[Xapian-tickets] [Xapian] #810: LMWeight implementation issues

Thu Aug 12 01:18:13 BST 2021

#810: LMWeight implementation issues
--------------------------------+------------------------
        Reporter:  Olly Betts   |      Owner:  Olly Betts
            Type:  defect       |     Status:  new
        Priority:  normal       |  Milestone:  1.5.0
       Component:  Library API  |    Version:  git master
        Severity:  normal       |   Keywords:
      Blocked By:               |   Blocking:
Operating System:  All          |
--------------------------------+------------------------
 I've just been implementing an improvement to always use the per-shard
 document length bounds in weight calculations (previously we used the
 global bounds for local shards, but the remote-specific bounds for remote
 shards).

 As part of this, I checked how the different weighting schemes use these
 bounds in case any expected them to be the same for every shard - and
 `LMWeight` does.  That was already wrong with remote shards, but with my
 change becomes wrong more often.

 We could make the global bounds available to address this, but looking
 more closely, I'm dubious about the implementation in more ways than just
 this.

 The weight score is a product of probabilities over terms in the query,
 which we convert to a sum (as required by our weighting machinery) by
 taking `log`.  So we calculate `log(weight_document)` which is
 `log(product(probability_term))` for terms in the query which is
 `sum(log(probability_term))`.

 There are two problems here.

 One is that I'm fairly sure we're meant to sum over all terms in the
 query, not just those that match the current document.  Not doing this is
 problematic because it means a document which matches fewer terms actually
 gets a higher score (because probabilities are in the range [0,1]).

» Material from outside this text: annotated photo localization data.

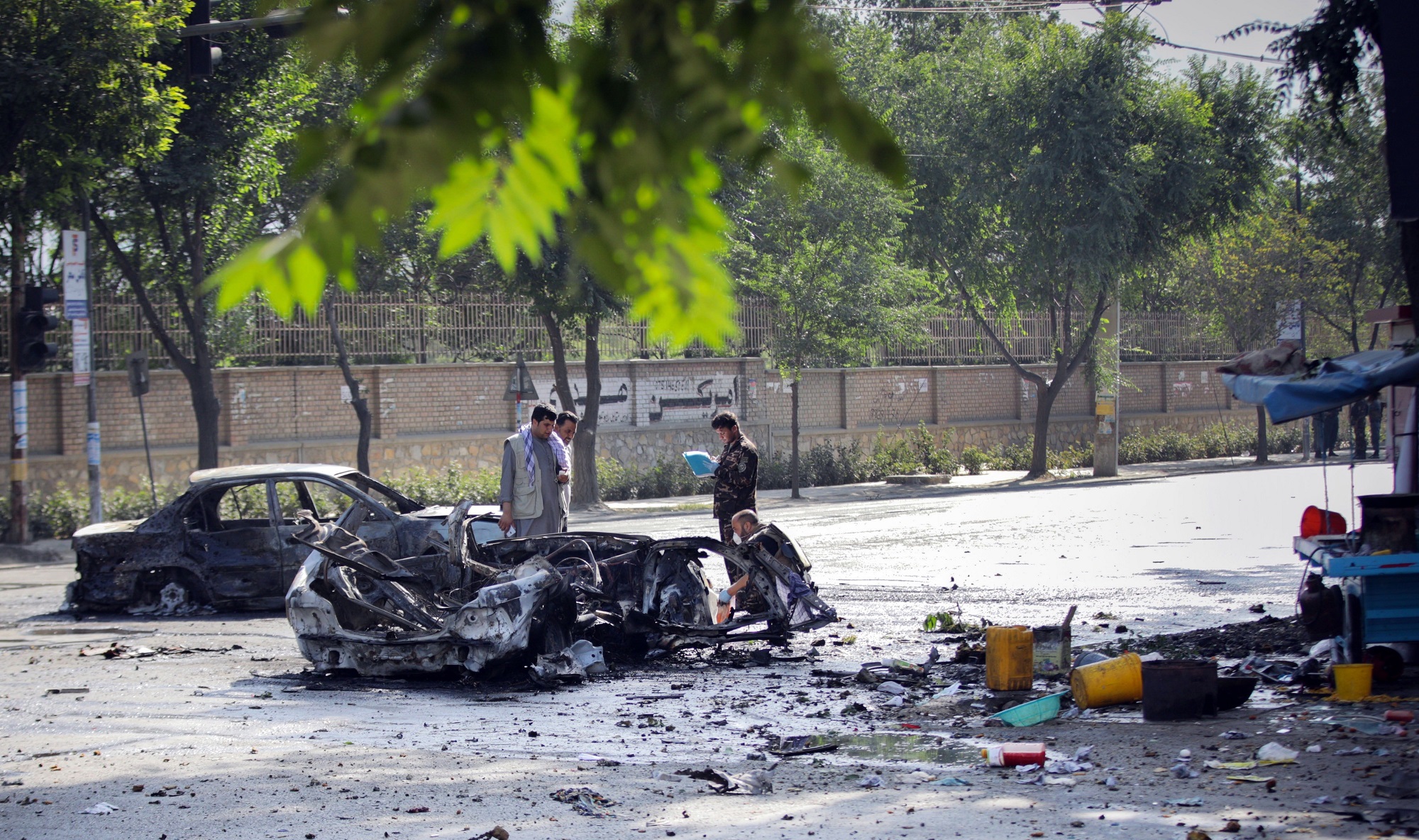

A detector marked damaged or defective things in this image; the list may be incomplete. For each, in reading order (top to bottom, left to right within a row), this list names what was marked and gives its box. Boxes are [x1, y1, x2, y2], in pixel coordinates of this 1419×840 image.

charred car shell [69, 463, 497, 613]
destroyed car body [70, 463, 505, 613]
destroyed car body [288, 505, 834, 675]
charred car shell [288, 502, 834, 678]
burnt car hood [288, 505, 834, 675]
burned car wreck [289, 502, 840, 678]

 The other is that the log of a probability is always <= 0 and the term
 weight contributions have to be >= 0 in Xapian.

 To get around this we currently actually multiply each term's probability
 by `log_param` before taking the log (which is equivalent to adding a
 constant after the log).  The problem here is that this effectively adds a
 constant weight boost per matching term.  That at least tends to
 counteract the first issue, but overall we really aren't implementing the
 weighting scheme we claim to be.

 I notice that we could scale all document scores (in the original product
 form) by dividing by the product over all query terms of the probability
 of the term in the collection then for each document we can cancel the
 contributions for terms not matching that document and after taking the
 log we end up summing `log(probability_document/probability_collection)`
 over terms matching the document.

 I'd think probability_document (which unsmoothed is wdf/doclen and
 smoothed will be somewhere between that and probability_collection) is
 usually greater than probability_collection
 (collection_freq/total_doc_length), so the result of this log will usually
 be positive too.  If it isn't, then clamping to zero seems reasonable (as
 if this happens the term occurs in the document but less often than you'd
 expect by random chance).

 One thing we really need to do is track down exactly which paper(s) the
 formulae used are from - a code comment only rather vaguely says "as
 described by the early papers on LM by Bruce Croft".  I think it must be
 one which came after "A General Language Model for Information Retrieval"
 (Song and Croft 1999) - that does have a matching basic framework but
 doesn't describe all the smoothing options our implementation has, and it
 also relies on modelling the term distribution (which we don't do).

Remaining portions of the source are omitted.